• **Task goal**
Give back the data exactly, with no images.

————

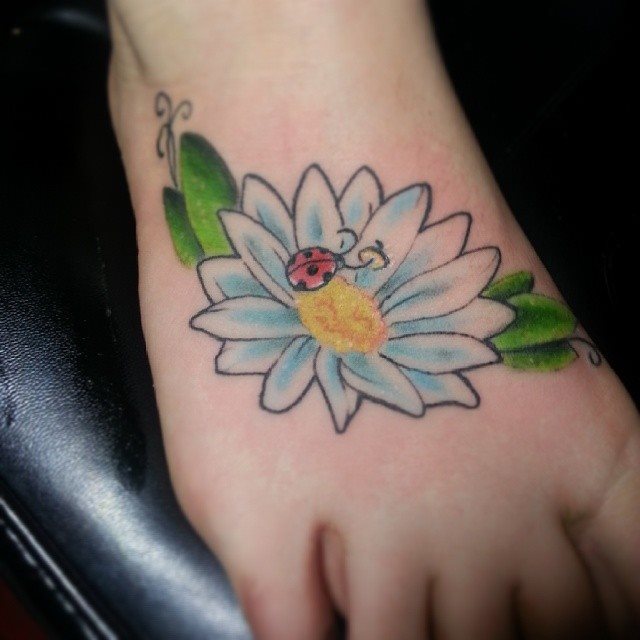 tattoo femenino flor para el pie 14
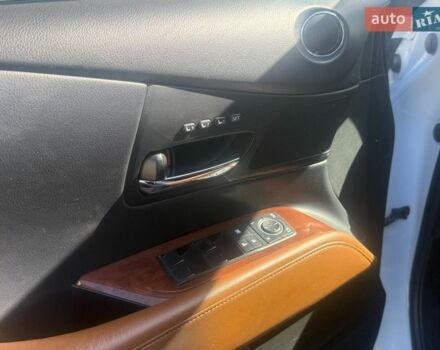 Белый Лексус РХ, объемом двигателя 3.5 л и пробегом 150 тыс. км за 23200 $, фото 9 на Automoto.ua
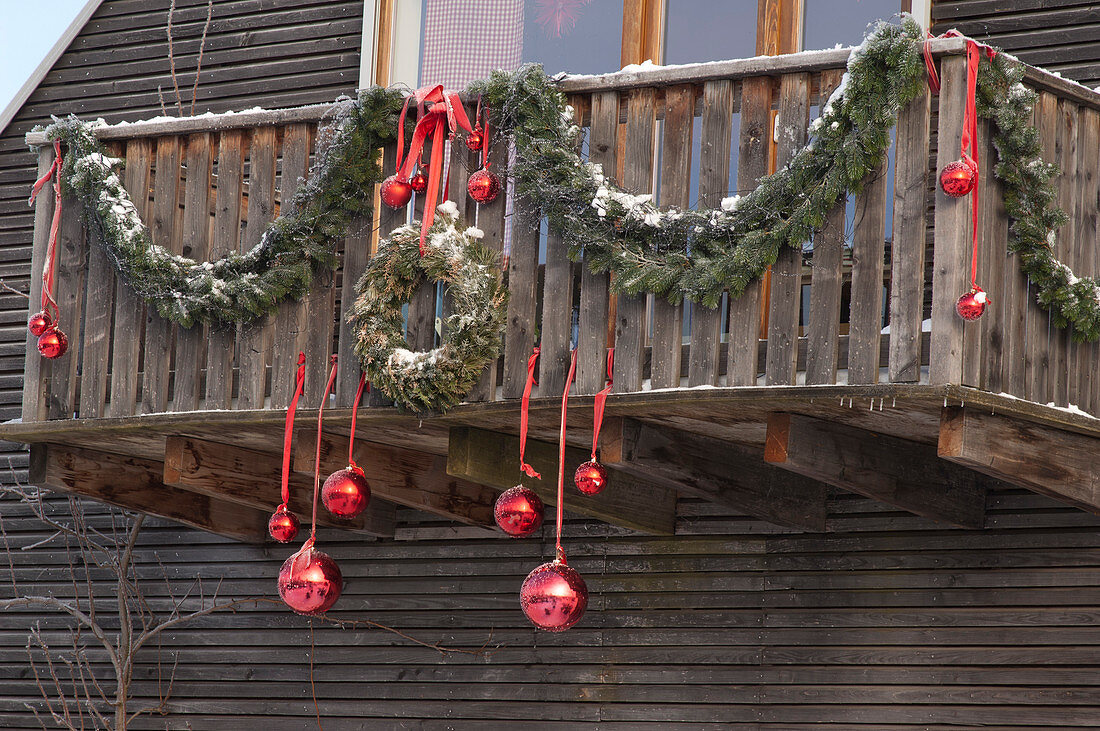 Balkon weihnachtlich geschmückt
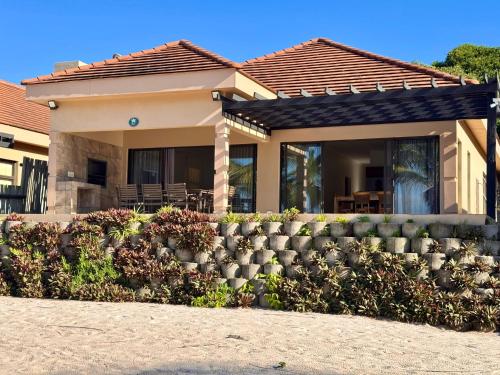 Garden, Luxurious Beachfront house-Villa 44 in Bilene Garden, Luxurious Beachfront house-Villa 44 in Bilene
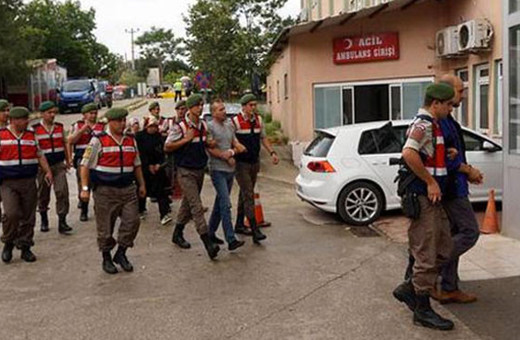 Firari FETÖ’cülerin eşleri Yunanistan’a kaçarken yakalandı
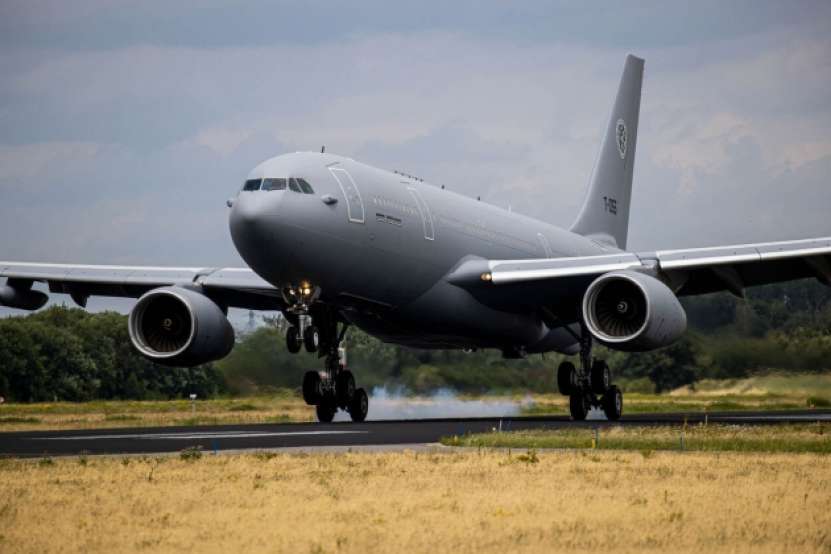 Militarii NATO răniți în Ucraina, mulți, sunt transportați cu un avion american la un spital din Germania. NATO minte în contiunare că nu ar fi parte în război !
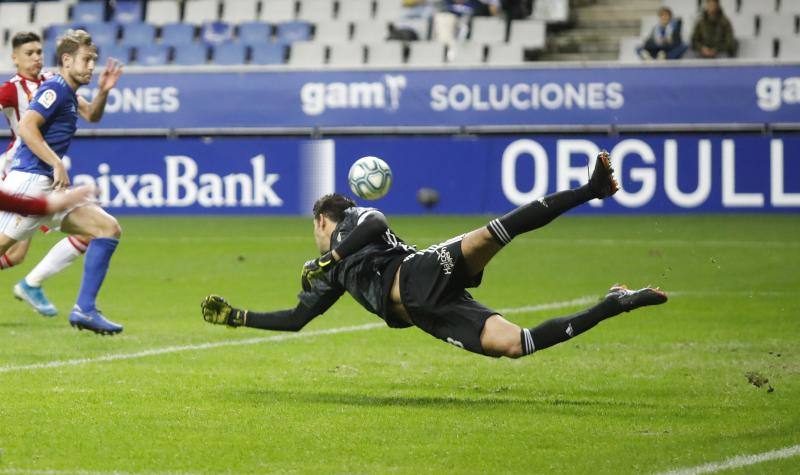 El conjunto de Javi Rozada consiguió un punto ante el Almería en el Carlos Tartiere.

————

• **Solution**
 tattoo femenino flor para el pie 14
 Белый Лексус РХ, объемом двигателя 3.5 л и пробегом 150 тыс. км за 23200 $, фото 9 на Automoto.ua
 Balkon weihnachtlich geschmückt
 Garden, Luxurious Beachfront house-Villa 44 in Bilene Garden, Luxurious Beachfront house-Villa 44 in Bilene
 Firari FETÖ’cülerin eşleri Yunanistan’a kaçarken yakalandı
 Militarii NATO răniți în Ucraina, mulți, sunt transportați cu un avion american la un spital din Germania. NATO minte în contiunare că nu ar fi parte în război !
 El conjunto de Javi Rozada consiguió un punto ante el Almería en el Carlos Tartiere.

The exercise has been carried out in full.